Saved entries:
• • • • • • •

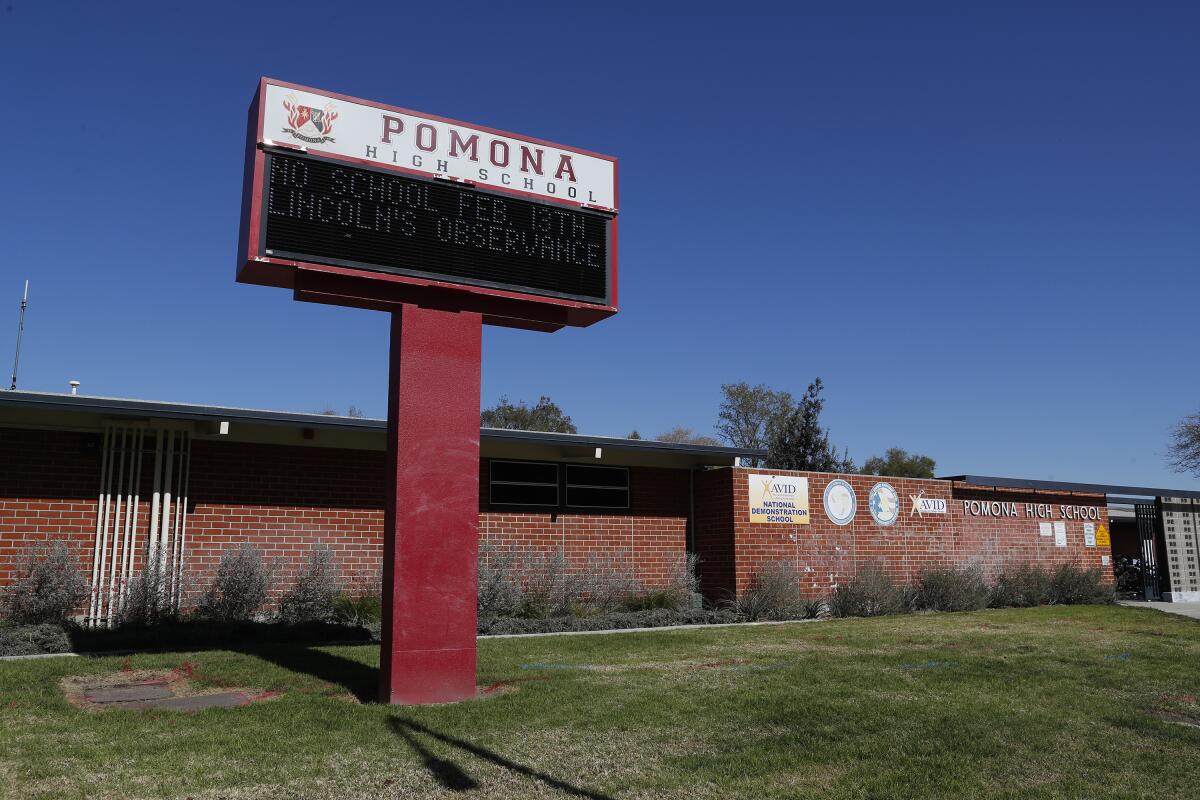 Pomona High School's red brick exterior and sign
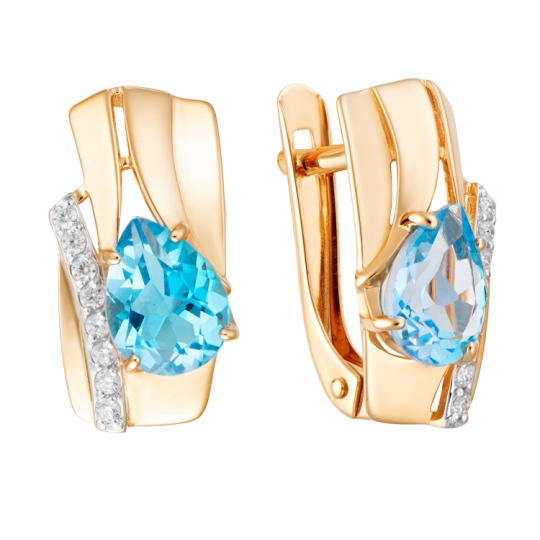 Кольцо из золота с топазом Swiss и фианитами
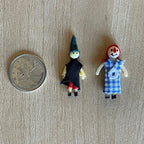 1:12 scale miniature rag dolls, set of 2, a witch in black and a doll in blue gingham dress, shown beside a coin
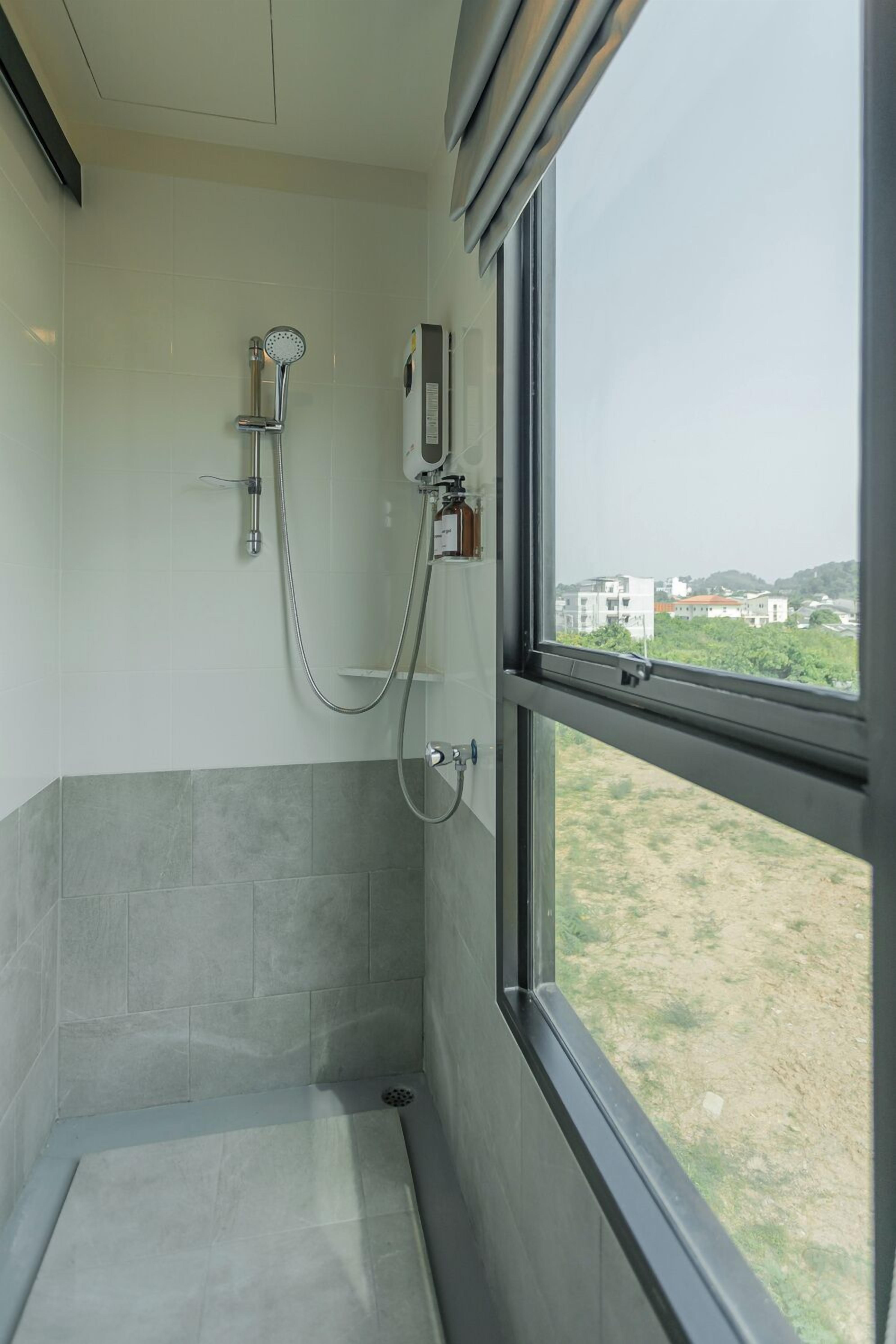 Une salle de bain avec une douche, une fenêtre et une vue sur les bâtiments et la verdure environnante.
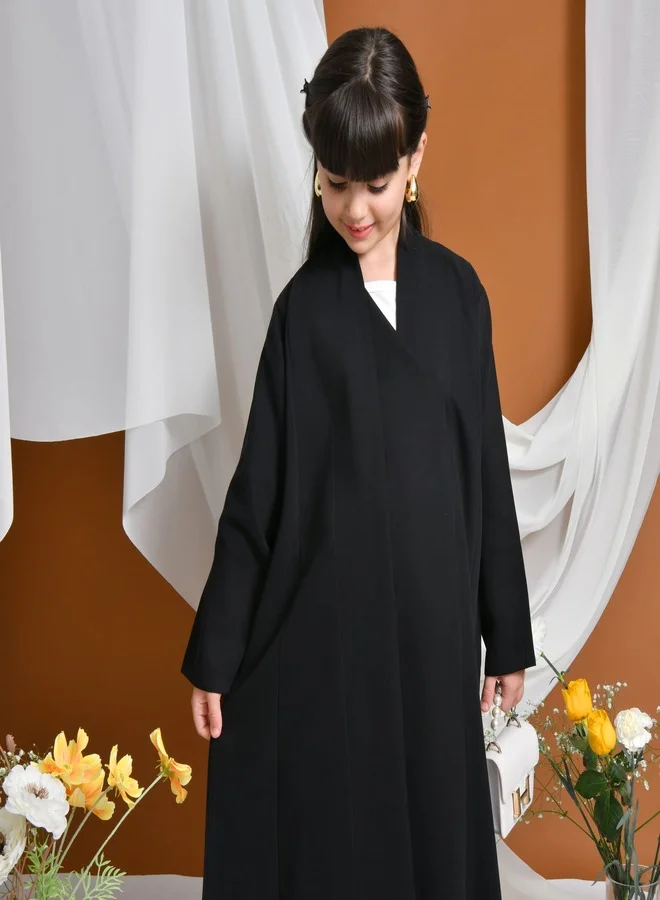 HAWRAA ABAYA Elsa Abaya | Formal design with a side piece that closes with a snap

• • • • • • •

When you reach the line with "Кольцо из золота с топазом Swiss и фианитами" in the entries above, start copying, and go on word for word to the last line; skip any picture.

Solution to this exercise:
 Кольцо из золота с топазом Swiss и фианитами
 1:12 scale miniature rag dolls, set of 2, a witch in black and a doll in blue gingham dress, shown beside a coin
 Une salle de bain avec une douche, une fenêtre et une vue sur les bâtiments et la verdure environnante.
 HAWRAA ABAYA Elsa Abaya | Formal design with a side piece that closes with a snap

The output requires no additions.